What you need to know:

  • Amin’s detractors claim he self-appointed himself Field Marshal since he was the head of the Defence Council, which elevated him to the rank. 

On July 15, 1975, Uganda’s president Idi Amin was promoted from the rank of a four-star General to Field Marshal. 

Field Marshal is the highest rank in the British Army since 1736. Previously reserved for army and army group commanders in wartime, the rank has become an honorary rank and was last given to an actively serving officer in 1994.

In 1971, the Uganda Army ousted president Milton Obote and made Amin the new president of Uganda. 

Prior, in 1966, Amin was a Colonel and deputy army commander but after he commanded the attack on Buganda Kingdom’s Mengo palace, on the orders of Obote on May 24, 1966, President Obote, who was at loggerheads with Buganda King, Kabaka Edward Muteesa, promoted Amin to Brigadier and appointed him army commander, replacing Brig Shaban Opolot, who had been jailed at the Maximum Security Prison, Luzira, on the outskirts of Kampala, on reportedly trumped up charges. 

In 1968, Obote promoted Amin to Major General, but in January 1971, Obote was ousted by the army and Amin became president.

On February 1971, the army promoted Amin to General (four-star), skipping the rank Lieutenant General ((three-star).
In 1975, the Defence Council, which Amin chaired, elevated him from a full General to Field Marshal.  

President Amin was then decorated with the Field Marshal pips by his vice president, Maj Gen Mustafa Adrisi at a function held at the State House, Entebbe. 

Why Amin was promoted
When Amin was being promoted to Field Marshal, the Defence Council cited  eight reasons for his elevation. These were: 
1. He has brought unity in Uganda where people stayed as one family regardless of tribe, religion or status.
2. Because of his brave action of expelling economic exploiters out of Uganda. Those people were milking our economy for almost 100 years. He saved the country from almost running bankrupt. The whole economy was in chaos and near total collapse.
3. He handed over the national economy to indigenous Ugandans. For this Ugandans were now masters of their own economy and there are no longer bwana mkubwa exploiters here. They went forever and it is now history in Uganda. Well done to revise the land tenure by the recent Land Reform Decree. 
4. Because at present all Ugandans, rich or poor are free to develop land without limitation. 
5. He has put Uganda on the world map and now Uganda is known all over the world because of his active participation in Africa and world affairs, and his stand against racist South Africa and Zionism, and imperialism in the Middle East. 
6. Has made many friends for Uganda not only in Africa but all over the world.
7. The Uganda security forces of army, police and prisons have been united, well equipped and well trained though Uganda Army is small by international standards. 
8. Because of fulfilling the 18-points they gave him at take-over in 1971.

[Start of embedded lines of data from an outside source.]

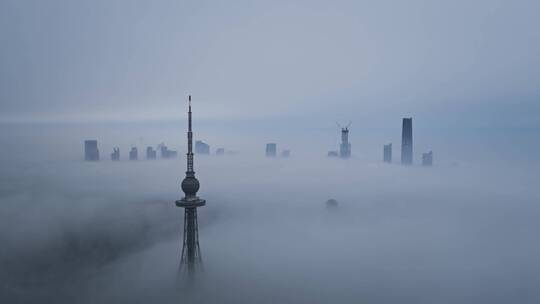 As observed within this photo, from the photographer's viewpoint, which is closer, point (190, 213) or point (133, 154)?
point (190, 213)

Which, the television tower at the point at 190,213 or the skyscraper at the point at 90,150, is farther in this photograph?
the skyscraper at the point at 90,150

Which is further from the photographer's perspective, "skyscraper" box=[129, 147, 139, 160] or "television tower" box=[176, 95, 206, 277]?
"skyscraper" box=[129, 147, 139, 160]

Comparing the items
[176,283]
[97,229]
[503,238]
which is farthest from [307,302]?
[503,238]

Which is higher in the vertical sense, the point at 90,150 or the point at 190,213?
the point at 90,150

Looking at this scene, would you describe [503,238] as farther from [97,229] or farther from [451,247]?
[97,229]

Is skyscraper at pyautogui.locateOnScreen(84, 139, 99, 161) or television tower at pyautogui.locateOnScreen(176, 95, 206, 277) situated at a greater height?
skyscraper at pyautogui.locateOnScreen(84, 139, 99, 161)

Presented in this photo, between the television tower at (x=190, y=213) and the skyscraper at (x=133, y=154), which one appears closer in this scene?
the television tower at (x=190, y=213)

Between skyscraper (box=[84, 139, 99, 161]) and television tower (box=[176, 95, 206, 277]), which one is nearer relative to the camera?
television tower (box=[176, 95, 206, 277])

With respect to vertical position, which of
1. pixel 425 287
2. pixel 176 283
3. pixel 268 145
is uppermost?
pixel 268 145

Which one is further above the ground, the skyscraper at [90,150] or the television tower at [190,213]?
the skyscraper at [90,150]

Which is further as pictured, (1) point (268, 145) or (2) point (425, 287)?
(1) point (268, 145)

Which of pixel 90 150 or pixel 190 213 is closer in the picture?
pixel 190 213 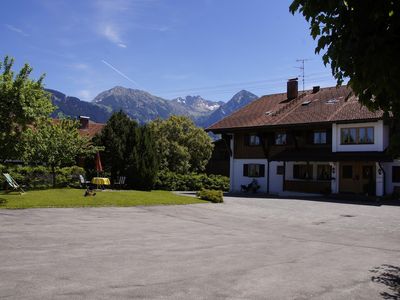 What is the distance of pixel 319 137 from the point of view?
35688mm

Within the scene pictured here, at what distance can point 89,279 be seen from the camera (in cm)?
722

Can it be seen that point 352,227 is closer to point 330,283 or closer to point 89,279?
point 330,283

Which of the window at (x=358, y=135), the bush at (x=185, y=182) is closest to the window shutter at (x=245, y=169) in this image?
the bush at (x=185, y=182)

Decorated or a self-made Field Marshal?
Since 1975, when Amin was decorated with pips for Field Marshal, his detractors never recognised his military station and used propaganda that Amin had no military credentials to be a Field Marshal. Some world leaders as well as some local influential people, including members of the media, drummed up the campaign in disputing Amin’s newfound rank of Field Marshal.

Even in Uganda today, no newspaper while writing about Amin can refer to Uganda’s former president as a Field Marshal unless the story is satirical or sarcastic of Amin. 

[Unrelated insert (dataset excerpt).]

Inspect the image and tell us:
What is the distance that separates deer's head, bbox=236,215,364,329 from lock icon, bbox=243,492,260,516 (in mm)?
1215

Amin’s detractors claim he self-appointed himself Field Marshal since he was the head of the Defence Council, which elevated him to the rank. 

Now the question is, was Amin a decorated or a self-made Field Marshal? 

In a similar occurrence, on February 6, 1988, the National Resistance Army (NRA), now the Uganda Peoples Defence Forces (UPDF), received military ranks at the function held at Lubiri Barracks in Kampala, the Chairman of the NRA High Command and President of Uganda, Yoweri Museveni, was given the rank of Lieutenant General, which was the highest military rank of a serving army officer in Uganda then. President Museveni was later promoted to a full General. 

Similarly, when President Museveni was given his military rank and the highest in the country in 1988, his critics derided him that he did not deserve the rank because he had neither been to any military school nor officially recruited into any national army before being awarded the rank of Lieutenant General. 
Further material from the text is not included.